* **WORK TASK**
Using only the entries below, copy exactly the lines that begin at the one with "Стеклянный низкий круглый журнальный столик" and end at the one with "ArmedAngels - Slub", both included. Drop the pictures.

* **PROVIDED DATA**
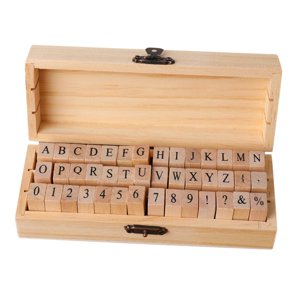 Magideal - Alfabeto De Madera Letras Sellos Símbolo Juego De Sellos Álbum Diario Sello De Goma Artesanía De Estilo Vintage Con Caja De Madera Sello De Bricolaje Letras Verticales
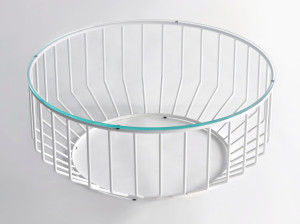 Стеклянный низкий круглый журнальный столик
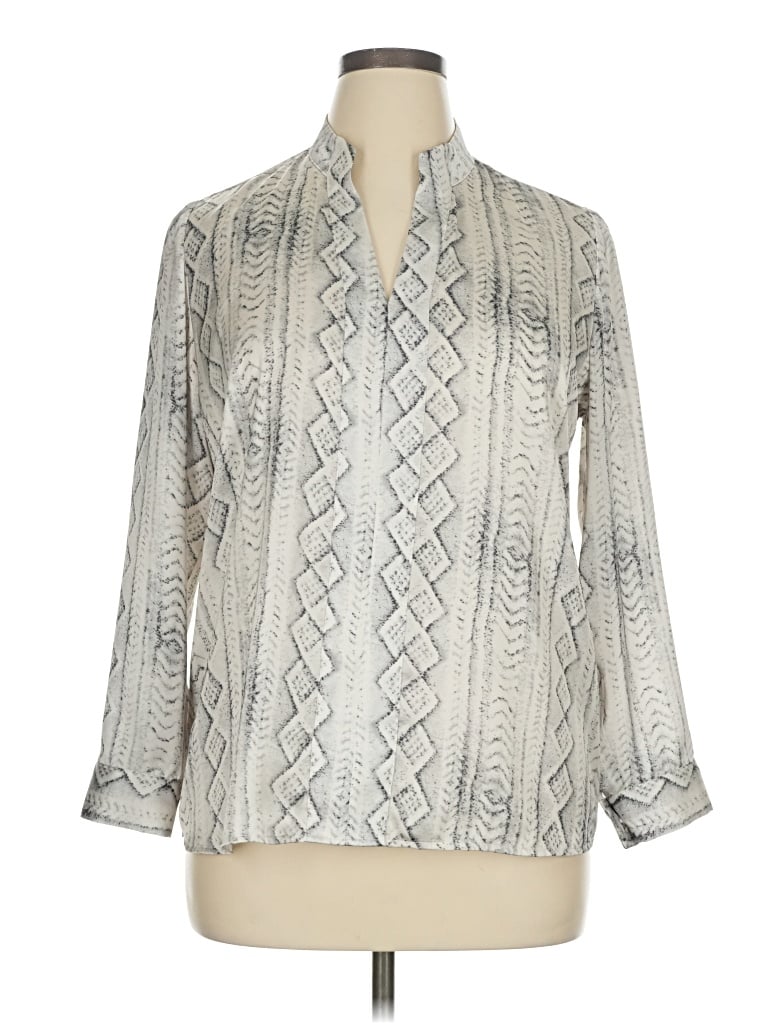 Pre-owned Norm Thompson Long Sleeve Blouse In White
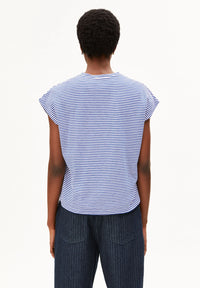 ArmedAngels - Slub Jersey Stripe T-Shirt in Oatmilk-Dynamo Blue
* * *
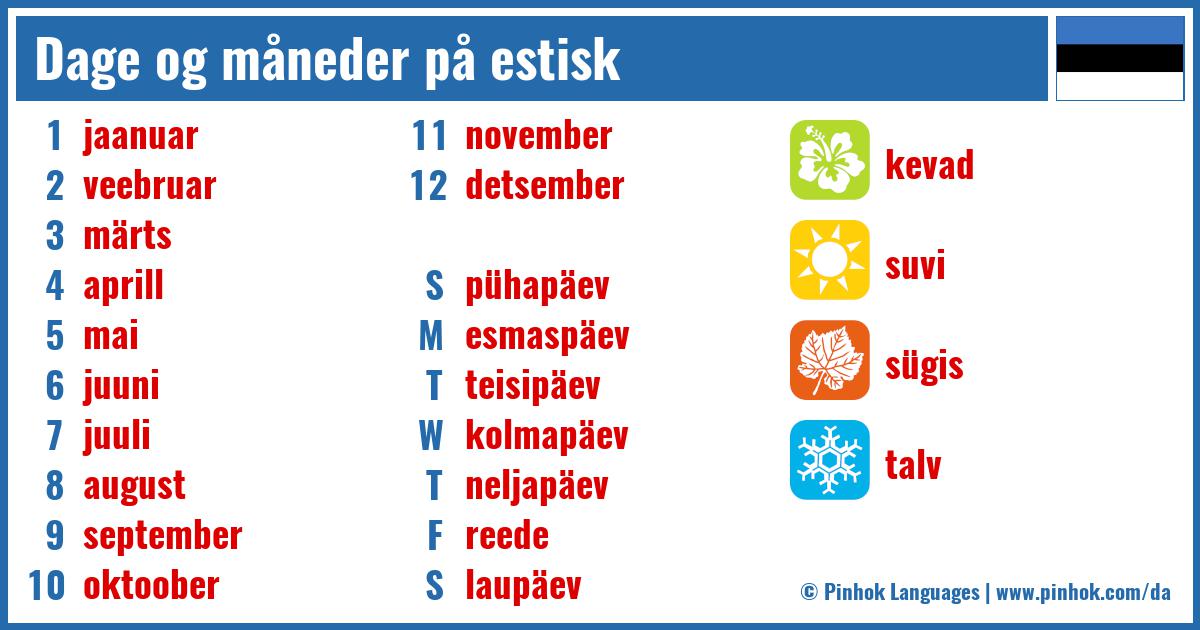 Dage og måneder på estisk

* **RESPONSE**
 Стеклянный низкий круглый журнальный столик
 Pre-owned Norm Thompson Long Sleeve Blouse In White
 ArmedAngels - Slub Jersey Stripe T-Shirt in Oatmilk-Dynamo Blue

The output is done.